(MATERIAL TO PROCESS begins)

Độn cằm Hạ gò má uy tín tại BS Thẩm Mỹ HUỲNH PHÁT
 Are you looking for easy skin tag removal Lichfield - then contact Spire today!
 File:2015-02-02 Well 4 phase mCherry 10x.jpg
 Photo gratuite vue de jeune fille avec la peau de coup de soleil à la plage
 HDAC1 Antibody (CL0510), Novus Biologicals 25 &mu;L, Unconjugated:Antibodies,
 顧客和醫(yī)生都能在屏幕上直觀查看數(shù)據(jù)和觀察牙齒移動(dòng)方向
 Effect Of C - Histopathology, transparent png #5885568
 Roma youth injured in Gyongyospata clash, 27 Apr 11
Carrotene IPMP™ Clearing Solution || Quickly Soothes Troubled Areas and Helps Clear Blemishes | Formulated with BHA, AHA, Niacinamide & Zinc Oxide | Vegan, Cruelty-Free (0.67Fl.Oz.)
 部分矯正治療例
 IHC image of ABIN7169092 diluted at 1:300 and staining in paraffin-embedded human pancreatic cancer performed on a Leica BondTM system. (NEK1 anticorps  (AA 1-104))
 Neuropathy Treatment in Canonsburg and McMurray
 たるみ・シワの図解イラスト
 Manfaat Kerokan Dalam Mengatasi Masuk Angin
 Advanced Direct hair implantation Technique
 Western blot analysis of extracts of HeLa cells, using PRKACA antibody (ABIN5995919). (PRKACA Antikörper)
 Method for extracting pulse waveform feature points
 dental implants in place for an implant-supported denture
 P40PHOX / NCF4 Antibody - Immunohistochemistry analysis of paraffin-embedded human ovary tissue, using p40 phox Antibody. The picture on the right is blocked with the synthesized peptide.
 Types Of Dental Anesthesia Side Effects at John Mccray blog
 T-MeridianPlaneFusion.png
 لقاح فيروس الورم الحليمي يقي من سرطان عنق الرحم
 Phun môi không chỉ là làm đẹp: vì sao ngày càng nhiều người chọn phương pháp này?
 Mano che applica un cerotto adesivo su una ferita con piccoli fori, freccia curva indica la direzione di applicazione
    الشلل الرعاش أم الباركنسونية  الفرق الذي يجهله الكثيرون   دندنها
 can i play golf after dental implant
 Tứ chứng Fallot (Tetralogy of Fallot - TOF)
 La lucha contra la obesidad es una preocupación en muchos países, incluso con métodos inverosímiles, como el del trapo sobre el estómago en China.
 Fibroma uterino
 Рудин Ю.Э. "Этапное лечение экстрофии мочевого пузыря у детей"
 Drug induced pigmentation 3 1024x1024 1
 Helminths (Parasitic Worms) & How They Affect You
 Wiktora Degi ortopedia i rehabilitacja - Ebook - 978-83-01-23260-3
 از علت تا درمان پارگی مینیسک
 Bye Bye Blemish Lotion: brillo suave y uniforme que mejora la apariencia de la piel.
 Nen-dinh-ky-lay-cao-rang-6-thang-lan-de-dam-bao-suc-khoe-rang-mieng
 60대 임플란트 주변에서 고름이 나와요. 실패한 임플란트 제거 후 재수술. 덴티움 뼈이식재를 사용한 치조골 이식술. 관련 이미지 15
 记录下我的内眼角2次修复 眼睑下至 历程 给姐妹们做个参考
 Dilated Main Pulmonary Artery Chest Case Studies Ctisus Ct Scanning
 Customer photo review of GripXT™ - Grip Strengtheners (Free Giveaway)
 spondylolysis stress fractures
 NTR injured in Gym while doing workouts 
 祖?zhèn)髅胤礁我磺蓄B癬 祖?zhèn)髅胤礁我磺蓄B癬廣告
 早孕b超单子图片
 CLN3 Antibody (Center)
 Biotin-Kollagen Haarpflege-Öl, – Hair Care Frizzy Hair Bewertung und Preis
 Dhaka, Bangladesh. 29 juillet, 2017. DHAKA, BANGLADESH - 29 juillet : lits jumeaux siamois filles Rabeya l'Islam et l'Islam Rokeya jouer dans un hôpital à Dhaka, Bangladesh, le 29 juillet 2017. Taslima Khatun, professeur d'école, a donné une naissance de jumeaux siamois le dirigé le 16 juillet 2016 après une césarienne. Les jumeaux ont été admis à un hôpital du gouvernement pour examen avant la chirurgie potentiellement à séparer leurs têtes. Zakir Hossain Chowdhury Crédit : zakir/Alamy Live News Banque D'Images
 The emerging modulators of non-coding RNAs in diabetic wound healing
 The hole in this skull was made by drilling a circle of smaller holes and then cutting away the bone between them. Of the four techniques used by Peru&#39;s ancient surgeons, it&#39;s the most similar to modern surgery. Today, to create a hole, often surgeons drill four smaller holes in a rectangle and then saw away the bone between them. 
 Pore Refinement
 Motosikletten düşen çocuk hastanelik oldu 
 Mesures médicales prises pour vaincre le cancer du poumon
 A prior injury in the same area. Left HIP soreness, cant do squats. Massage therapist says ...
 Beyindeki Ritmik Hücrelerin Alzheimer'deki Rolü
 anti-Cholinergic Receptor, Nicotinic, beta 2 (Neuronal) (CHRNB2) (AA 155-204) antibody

(MATERIAL TO PROCESS ends)

WORK TO COMPLETE :: Repeat all of the records, letter for letter.

RESULT ::
Độn cằm Hạ gò má uy tín tại BS Thẩm Mỹ HUỲNH PHÁT
 Are you looking for easy skin tag removal Lichfield - then contact Spire today!
 File:2015-02-02 Well 4 phase mCherry 10x.jpg
 Photo gratuite vue de jeune fille avec la peau de coup de soleil à la plage
 HDAC1 Antibody (CL0510), Novus Biologicals 25 &mu;L, Unconjugated:Antibodies,
 顧客和醫(yī)生都能在屏幕上直觀查看數(shù)據(jù)和觀察牙齒移動(dòng)方向
 Effect Of C - Histopathology, transparent png #5885568
 Roma youth injured in Gyongyospata clash, 27 Apr 11
Carrotene IPMP™ Clearing Solution || Quickly Soothes Troubled Areas and Helps Clear Blemishes | Formulated with BHA, AHA, Niacinamide & Zinc Oxide | Vegan, Cruelty-Free (0.67Fl.Oz.)
 部分矯正治療例
 IHC image of ABIN7169092 diluted at 1:300 and staining in paraffin-embedded human pancreatic cancer performed on a Leica BondTM system. (NEK1 anticorps  (AA 1-104))
 Neuropathy Treatment in Canonsburg and McMurray
 たるみ・シワの図解イラスト
 Manfaat Kerokan Dalam Mengatasi Masuk Angin
 Advanced Direct hair implantation Technique
 Western blot analysis of extracts of HeLa cells, using PRKACA antibody (ABIN5995919). (PRKACA Antikörper)
 Method for extracting pulse waveform feature points
 dental implants in place for an implant-supported denture
 P40PHOX / NCF4 Antibody - Immunohistochemistry analysis of paraffin-embedded human ovary tissue, using p40 phox Antibody. The picture on the right is blocked with the synthesized peptide.
 Types Of Dental Anesthesia Side Effects at John Mccray blog
 T-MeridianPlaneFusion.png
 لقاح فيروس الورم الحليمي يقي من سرطان عنق الرحم
 Phun môi không chỉ là làm đẹp: vì sao ngày càng nhiều người chọn phương pháp này?
 Mano che applica un cerotto adesivo su una ferita con piccoli fori, freccia curva indica la direzione di applicazione
    الشلل الرعاش أم الباركنسونية  الفرق الذي يجهله الكثيرون   دندنها
 can i play golf after dental implant
 Tứ chứng Fallot (Tetralogy of Fallot - TOF)
 La lucha contra la obesidad es una preocupación en muchos países, incluso con métodos inverosímiles, como el del trapo sobre el estómago en China.
 Fibroma uterino
 Рудин Ю.Э. "Этапное лечение экстрофии мочевого пузыря у детей"
 Drug induced pigmentation 3 1024x1024 1
 Helminths (Parasitic Worms) & How They Affect You
 Wiktora Degi ortopedia i rehabilitacja - Ebook - 978-83-01-23260-3
 از علت تا درمان پارگی مینیسک
 Bye Bye Blemish Lotion: brillo suave y uniforme que mejora la apariencia de la piel.
 Nen-dinh-ky-lay-cao-rang-6-thang-lan-de-dam-bao-suc-khoe-rang-mieng
 60대 임플란트 주변에서 고름이 나와요. 실패한 임플란트 제거 후 재수술. 덴티움 뼈이식재를 사용한 치조골 이식술. 관련 이미지 15
 记录下我的内眼角2次修复 眼睑下至 历程 给姐妹们做个参考
 Dilated Main Pulmonary Artery Chest Case Studies Ctisus Ct Scanning
 Customer photo review of GripXT™ - Grip Strengtheners (Free Giveaway)
 spondylolysis stress fractures
 NTR injured in Gym while doing workouts 
 祖?zhèn)髅胤礁我磺蓄B癬 祖?zhèn)髅胤礁我磺蓄B癬廣告
 早孕b超单子图片
 CLN3 Antibody (Center)
 Biotin-Kollagen Haarpflege-Öl, – Hair Care Frizzy Hair Bewertung und Preis
 Dhaka, Bangladesh. 29 juillet, 2017. DHAKA, BANGLADESH - 29 juillet : lits jumeaux siamois filles Rabeya l'Islam et l'Islam Rokeya jouer dans un hôpital à Dhaka, Bangladesh, le 29 juillet 2017. Taslima Khatun, professeur d'école, a donné une naissance de jumeaux siamois le dirigé le 16 juillet 2016 après une césarienne. Les jumeaux ont été admis à un hôpital du gouvernement pour examen avant la chirurgie potentiellement à séparer leurs têtes. Zakir Hossain Chowdhury Crédit : zakir/Alamy Live News Banque D'Images
 The emerging modulators of non-coding RNAs in diabetic wound healing
 The hole in this skull was made by drilling a circle of smaller holes and then cutting away the bone between them. Of the four techniques used by Peru&#39;s ancient surgeons, it&#39;s the most similar to modern surgery. Today, to create a hole, often surgeons drill four smaller holes in a rectangle and then saw away the bone between them. 
 Pore Refinement
 Motosikletten düşen çocuk hastanelik oldu 
 Mesures médicales prises pour vaincre le cancer du poumon
 A prior injury in the same area. Left HIP soreness, cant do squats. Massage therapist says ...
 Beyindeki Ritmik Hücrelerin Alzheimer'deki Rolü
 anti-Cholinergic Receptor, Nicotinic, beta 2 (Neuronal) (CHRNB2) (AA 155-204) antibody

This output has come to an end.